The ability to form TMP-loaded nanoparticles was then investigated. We decided to use chitosan to stabilize the formulated alginate nanoparticle,26,27 as described in the Materials and Methods and shown schematically in Figure 1. Our results show that increasing the amount of chitosan led to an increase in drug loading (Table 1) but also led to increased particle size and heterogeneity. Therefore, a concentration of 1.5 mg/mL chitosan in the formulations was selected for further experiments, producing particles of 563 ± 93 nm in diameter entrapping 9.1 μg TMP per mg particle formulation (Table 1 and Figure 3A,B).
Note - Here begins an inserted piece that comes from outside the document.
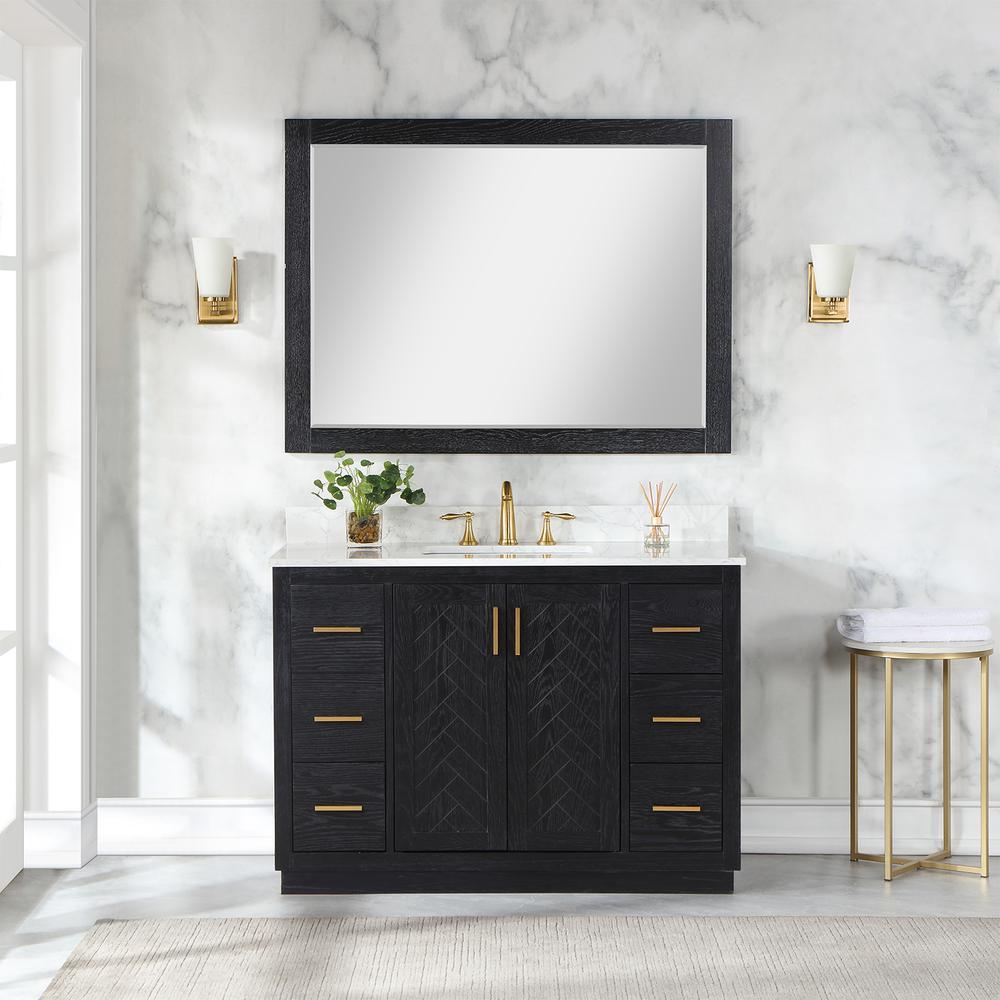 48" Single Bathroom Vanity Set in Black Oak with Mirror. Picture 4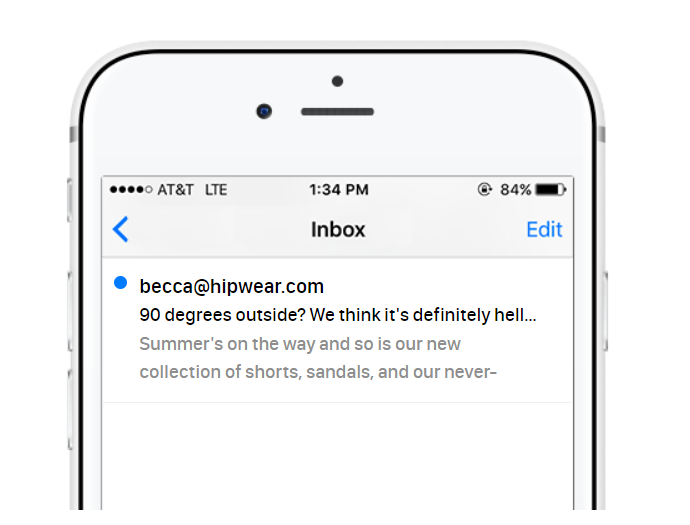 A screenshot of the translated template for the sender name, email subject line, and pre-header text on an iPhone screen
The polydispersity (PI) of 0.45 is indicative of a broad size distribution, and this was further confirmed by SEM and TEM analysis; the latter highlighting an uneven surface, characteristic of alginate-based particles (Figure 3B, panel ii). The release profile of the drug from the nanoparticles was then examined, demonstrating a typical biphasic release with over 60% released within two days, reaching over 80% release after 8 days (Figure 3C). Finally, we examined the stability of these particles in 10% FBS over 48 h, and found that although an upward trend in PI was observed, there was no significant alteration in mean diameters (Figure 3D).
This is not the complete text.